Long before I attended culinary school, I attempted to make homemade marshmallows. Unsurprisingly, my first go was a sticky mess — my marshmallows fell flat. Flash forward a few years later to actually being in culinary school at ICE: when it came time to make marshmallows in class, I had flashbacks of my previous marshmallow miss and was nervous that the lesson would result in a frustrating mess.

ghost marshmallows

photos: Lauren Jessen

In class at ICE, the process ended up being frustration-free. Sticky? Yes. And even a little messy. However, the end product turned out better than I could have imagined. The marshmallows were fluffy, delicious and light. I learned the proper way to make marshmallows, as well as how to use the ingredients involved. The recipe we used in class was excellent, and I rely on it every time I want to make marshmallows.

You might be surprised to learn that the recipe contains only five ingredients, but when everything is combined and the whipping begins, sweet magic happens. The best part about homemade marshmallows? You can make them any flavor and shape! You can make classic marshmallows or add extract flavors such as vanilla, coffee or peppermint. Then, once the marshmallows have solidified, you can use cookie cutters to form them into any shape you desire.

These marshmallows are inspired by the 1984 film “Ghostbusters.” When the large Marshmallow Man threatens the city near the end of the movie, the Ghostbusters are shocked because they never thought a marshmallow would destroy them. They even talk about how they used to roast marshmallows at camp. I couldn’t resist making a smaller version of that frightful Marshmallow Man.
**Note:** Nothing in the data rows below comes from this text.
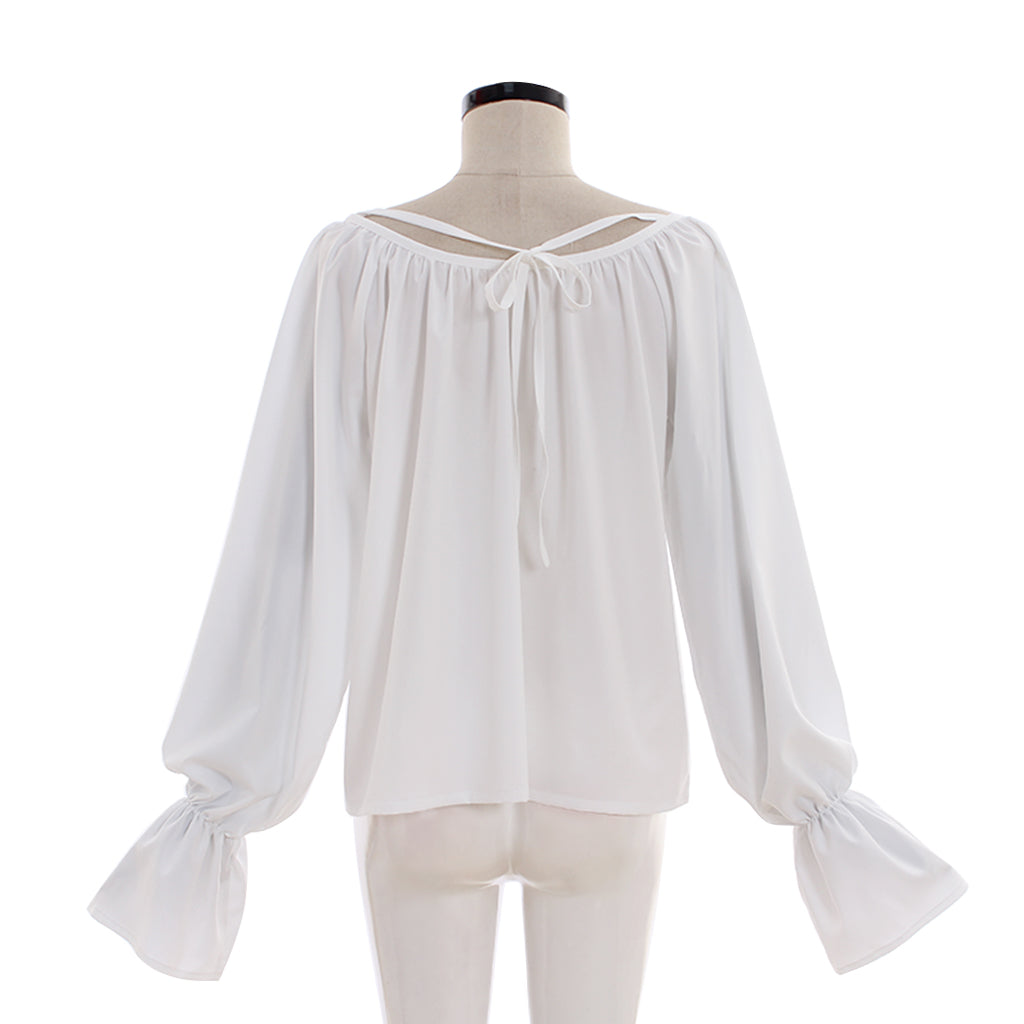 Medieval Renaissance White Off Shoulder Tie Front Blouse with Balloon Sleeves Vintage Cosplay Costume Top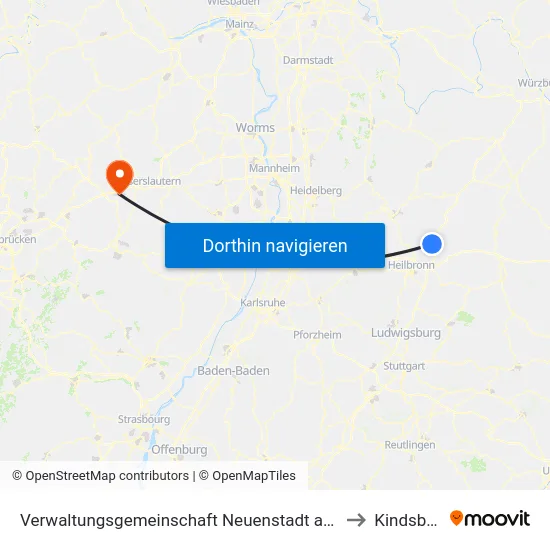 Verwaltungsgemeinschaft Neuenstadt am Kocher to Kindsbach map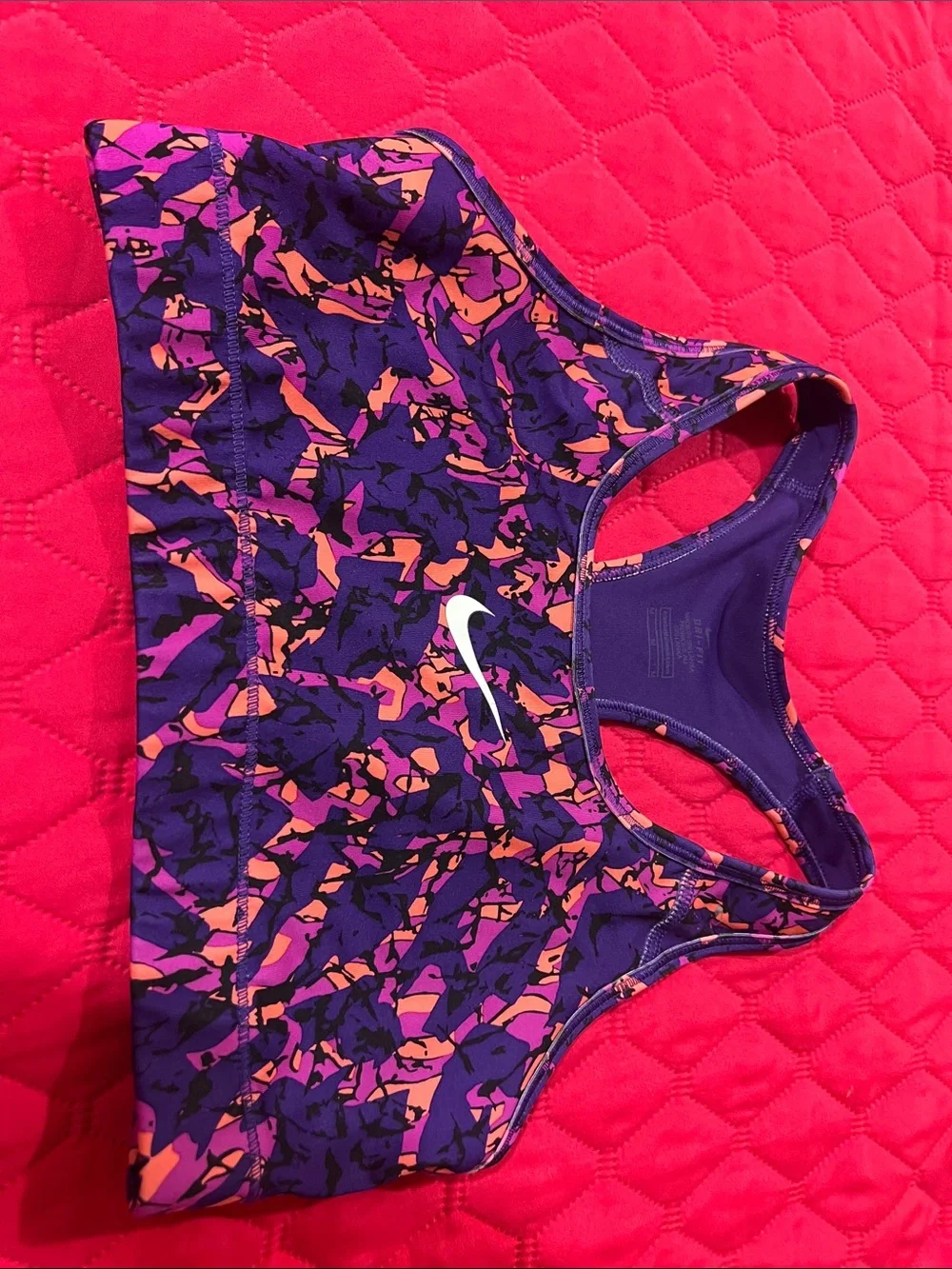 Nike Women's Purple & Pink Patterned Racerback Bikini Top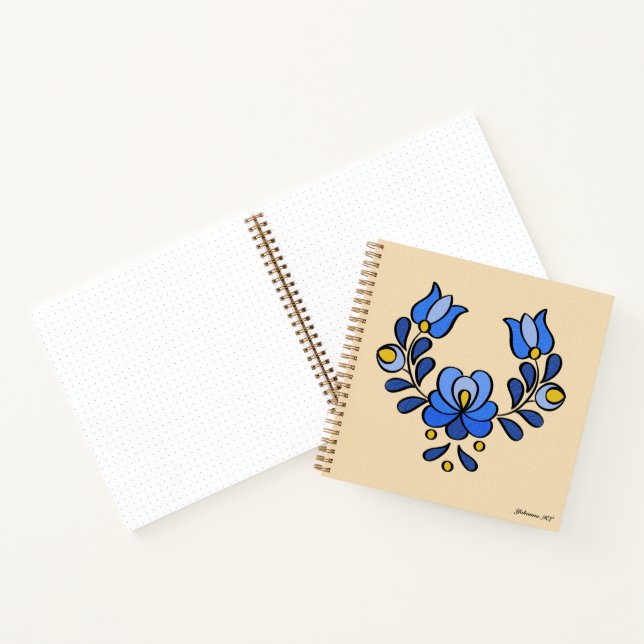 Hungarian Embroidery Pattern, "Matyó" - blue Notebook (Inside)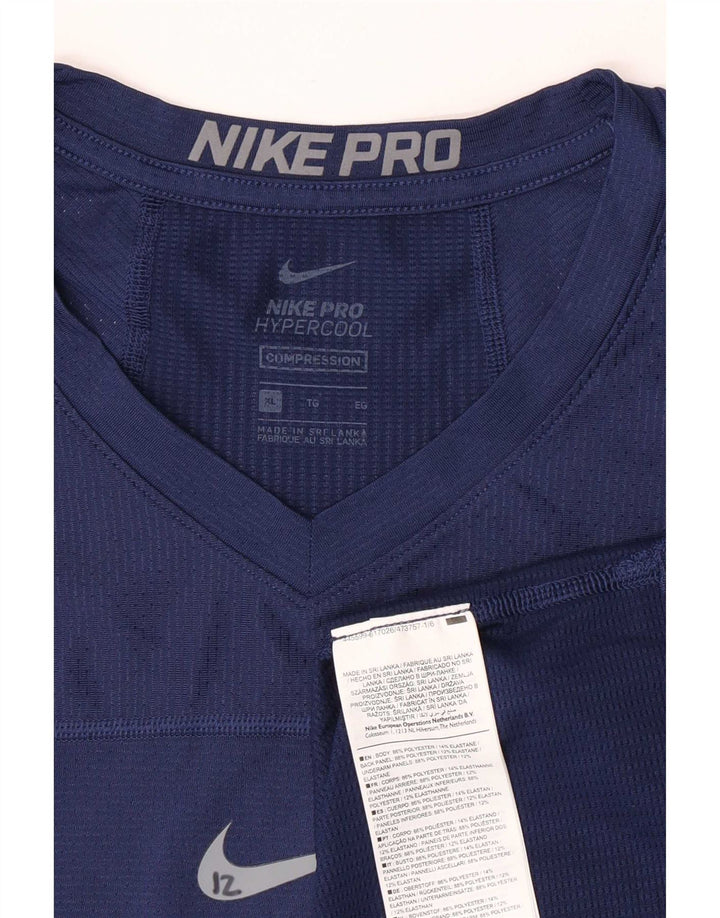 Nike Mens Dri Fit Top Long Sleeve XL Navy Blue Polyester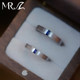925 silver cultured sapphire brushed couple ring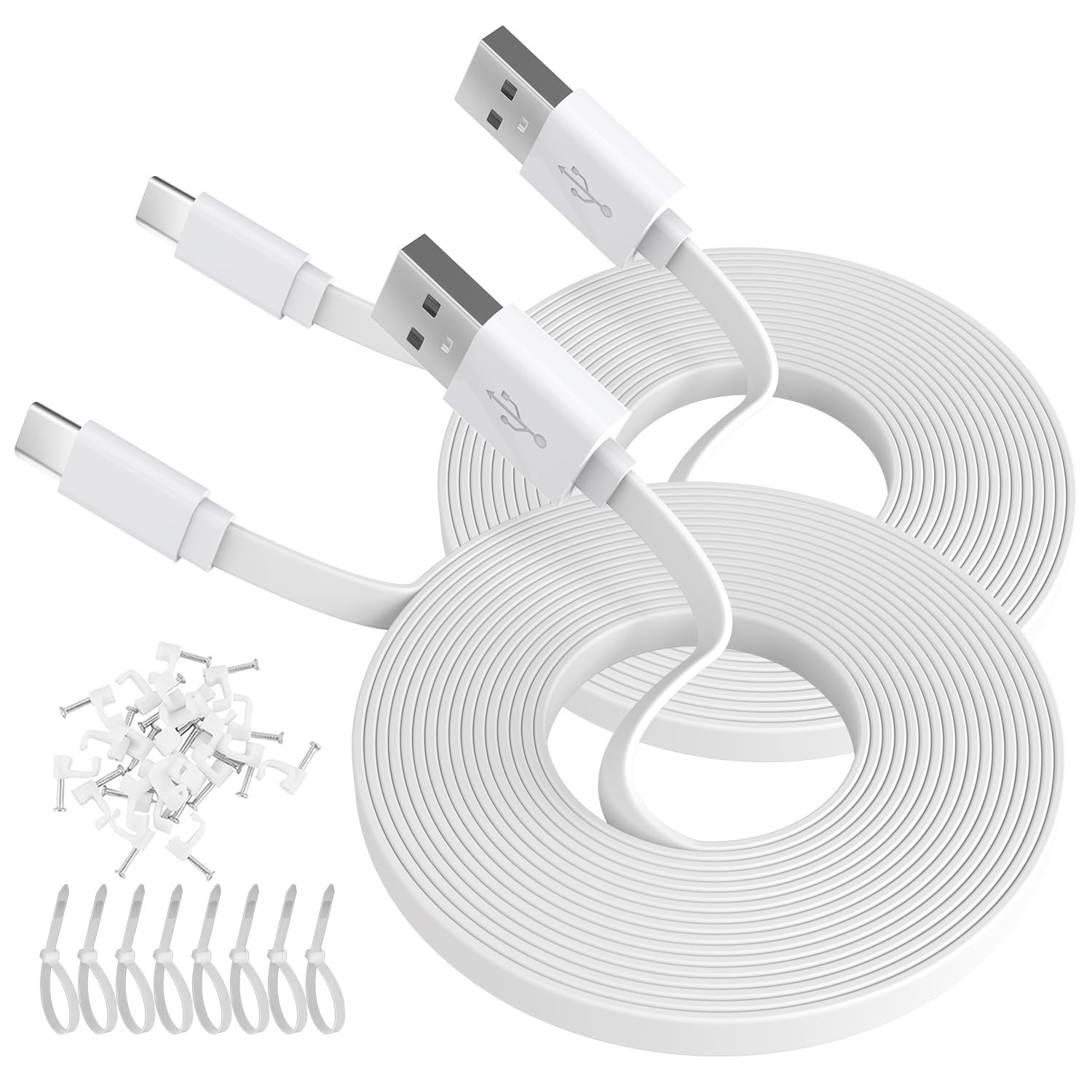 ANLINK 2 Pack 10FT/3M Flat Power Extension Cable for USB-C 2-Pack, White 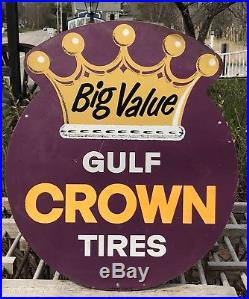 RARE Vintage GULF CROWN Tires Gas Service Station Dealer Tire Cover Sign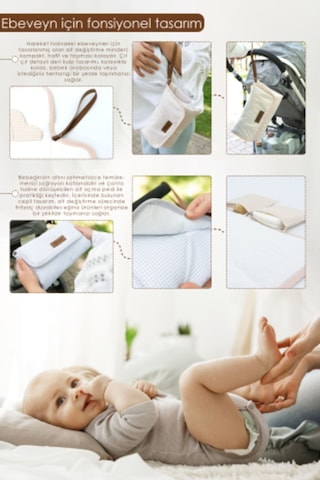 Mordesign Bebek Çanta Alt Açma Minderi, Alt Değiştirme Pedi, Taşınabilir Bakım Çantası, Clutch Seri,kahverengi Ekru Zg959-1 Ekru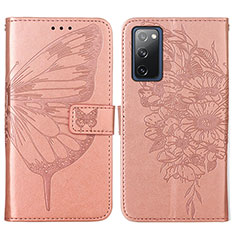 Custodia Portafoglio In Pelle Farfalla Cover con Supporto Y01B per Samsung Galaxy S20 FE (2022) 5G Oro Rosa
These Ghost Marshmallows are a perfect addition to any Halloween party. Eat them solo or add them to a hot cup of cocoa for a sweet and spooky twist.

ghost marshmallows

Ghost Marshmallows

Ingredients

85 grams cold water (1)
18 grams gelatin powder
265 grams granulated sugar
100 grams corn syrup (1)
100 grams water (2)
90 grams corn syrup (2)
Dextrose, as needed for dusting

Preparation

  • Place the first measurement of water in the bowl of a stand mixer. Sprinkle the gelatin over the water and allow it to bloom and soften for 5-6 minutes.
  • In a saucepan, combine the sugar, corn syrup (1) and water (2), and heat to 230°F.
  • Meanwhile, add the corn syrup (2) to the bloomed gelatin.
  • Pour the cooked sugar mixture into the stand mixer bowl and whisk at a medium speed until the mixture has become thick and lightened. The mixture will look like marshmallow cream after 10-15 minutes of whipping.
  • While the mixture is whipping, prepare a sheet tray for the marshmallow mixture: spray a quarter sheet pan with nonstick cooking spray and dust with dextrose.
  • Once the marshmallow mixture is thick and lightened, transfer it to the prepared pan. Wet your hands with water and smooth the surface, patting the mixture down until it evenly covers the sheet pan.
  • Leave the sheet tray and mixture uncovered and let it set for one hour at room temperature.
  • After an hour (or you can leave it overnight), remove the marshmallow slab from the pan and flip it onto a dextrose-covered cutting board.
  • Cut the marshmallow slab into squares, or use a cookie cutter (generously coated with nonstick cooking spray to prevent sticking) to cut the marshmallow slab into your desired shape. (I used a ghost-shaped cookie cutter for this recipe.) Toss the shaped marshmallow in additional dextrose.
  • To make eyes and a mouth for the ghosts, use a toothpick to add small drops of chocolate syrup to create the face.